By 12:10 PM ET (16:10 GMT), the most-active contract in global crude benchmark Brent was up $10.47, or almost 11%, at $106.19 a barrel.
U.S. crude’s West Texas Intermediate, or WTI benchmark, was up $9.07, or 9.3%, at $107.53.
Crude prices continued rallying even after the Paris-based International Energy Agency announced the coordinated release of 60 million barrels from the emergency reserves of consuming countries to provide some relief to the expected squeeze on oil from the Russia-Ukraine conflict.
The Paris-based EIA said it intended “to send a unified and strong message to global oil markets that there will be no shortfall in supplies as a result of Russia’s invasion of Ukraine."
Talks for a halt to the conflict failed to produce an immediate breakthrough on Tuesday and fighting raged anew between the two sides, with Ukrainian President Volodymyr Zelenskyy urging the West to enforce a no-fly zone for Russian aircraft over his country.
The latest developments intensified worries about how the world would cope without a steady supply of oil from Russia, which provides about a tenth of global needs for crude.
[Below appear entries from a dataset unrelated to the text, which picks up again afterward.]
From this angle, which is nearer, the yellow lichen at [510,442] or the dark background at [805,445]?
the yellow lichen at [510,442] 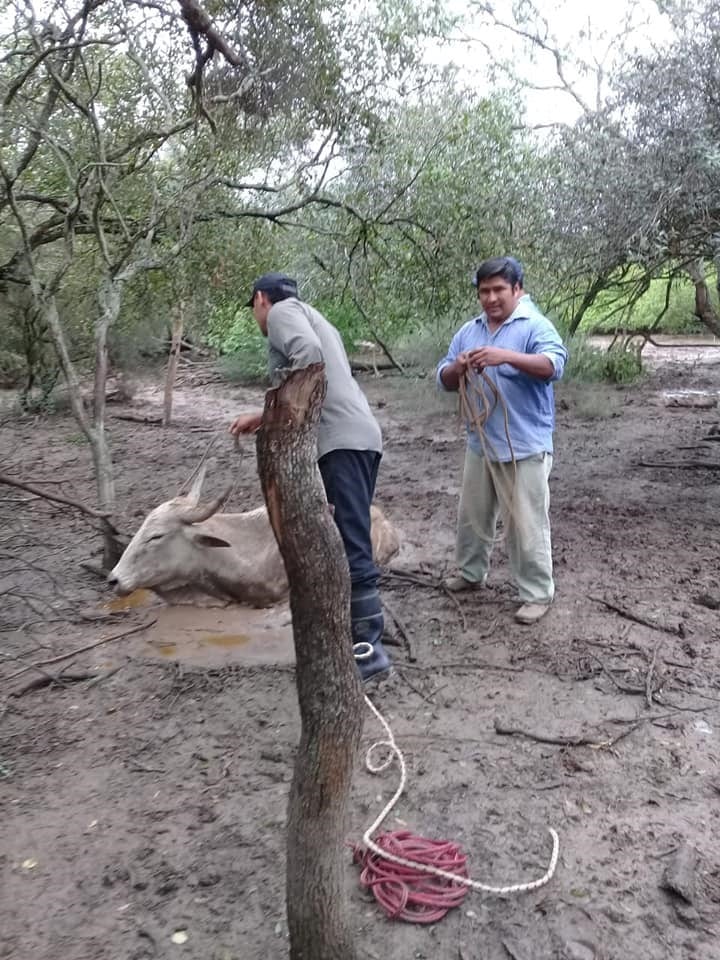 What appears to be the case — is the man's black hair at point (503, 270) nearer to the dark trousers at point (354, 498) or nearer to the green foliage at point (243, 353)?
the dark trousers at point (354, 498)

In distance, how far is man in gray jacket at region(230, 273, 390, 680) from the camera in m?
4.17

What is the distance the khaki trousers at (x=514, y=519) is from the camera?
16.1 ft

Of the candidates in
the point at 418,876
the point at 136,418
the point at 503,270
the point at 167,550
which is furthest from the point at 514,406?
the point at 136,418

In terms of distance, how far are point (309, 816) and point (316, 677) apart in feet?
1.24

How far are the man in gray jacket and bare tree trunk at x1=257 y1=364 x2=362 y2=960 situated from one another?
1890 millimetres

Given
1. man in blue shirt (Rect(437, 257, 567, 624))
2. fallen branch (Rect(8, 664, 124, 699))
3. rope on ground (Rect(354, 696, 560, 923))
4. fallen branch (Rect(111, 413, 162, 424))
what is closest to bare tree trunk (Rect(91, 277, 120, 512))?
fallen branch (Rect(8, 664, 124, 699))

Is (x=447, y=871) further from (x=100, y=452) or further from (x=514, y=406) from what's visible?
(x=100, y=452)

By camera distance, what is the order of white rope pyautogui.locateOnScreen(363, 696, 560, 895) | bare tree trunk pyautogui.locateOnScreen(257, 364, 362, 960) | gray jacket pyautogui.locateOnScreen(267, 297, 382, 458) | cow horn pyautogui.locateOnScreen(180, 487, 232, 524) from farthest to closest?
cow horn pyautogui.locateOnScreen(180, 487, 232, 524) → gray jacket pyautogui.locateOnScreen(267, 297, 382, 458) → white rope pyautogui.locateOnScreen(363, 696, 560, 895) → bare tree trunk pyautogui.locateOnScreen(257, 364, 362, 960)

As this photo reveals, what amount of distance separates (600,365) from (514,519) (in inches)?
411

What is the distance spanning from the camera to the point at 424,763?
3691 millimetres

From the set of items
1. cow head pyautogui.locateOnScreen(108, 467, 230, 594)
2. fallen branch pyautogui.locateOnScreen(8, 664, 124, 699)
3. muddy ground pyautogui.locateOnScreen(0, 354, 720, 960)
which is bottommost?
fallen branch pyautogui.locateOnScreen(8, 664, 124, 699)

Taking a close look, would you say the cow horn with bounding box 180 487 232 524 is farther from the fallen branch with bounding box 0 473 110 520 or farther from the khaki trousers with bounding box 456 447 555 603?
the khaki trousers with bounding box 456 447 555 603

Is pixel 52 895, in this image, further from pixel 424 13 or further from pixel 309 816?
pixel 424 13

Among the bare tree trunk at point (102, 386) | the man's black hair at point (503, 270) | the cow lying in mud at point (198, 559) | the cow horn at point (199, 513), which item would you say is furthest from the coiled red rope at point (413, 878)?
the bare tree trunk at point (102, 386)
The United States, Britain, Europe and Canada blocked the access of various Russian banks to the SWIFT global interbank payment system — squeezing the billions of dollars that Russia trades a day in oil and other commodities.
The West had taken pains initially not to target Moscow’s energy exports with sanctions due to its own reliance on Russian oil and gas.
But that mindset changed over the weekend, with EU officials affirming on Monday their plan to wean the bloc from its dependence on Russian energy, while being prepared to suffer spiraling oil and gas costs in the short-term. Crude prices have risen more than 35% since the year began.
The latest rally in crude came ahead of Wednesday’s meeting of global oil producer alliance OPEC+ which is expected to stay with its gradual output increase strategy, ignoring calls from consuming nations under the IEA.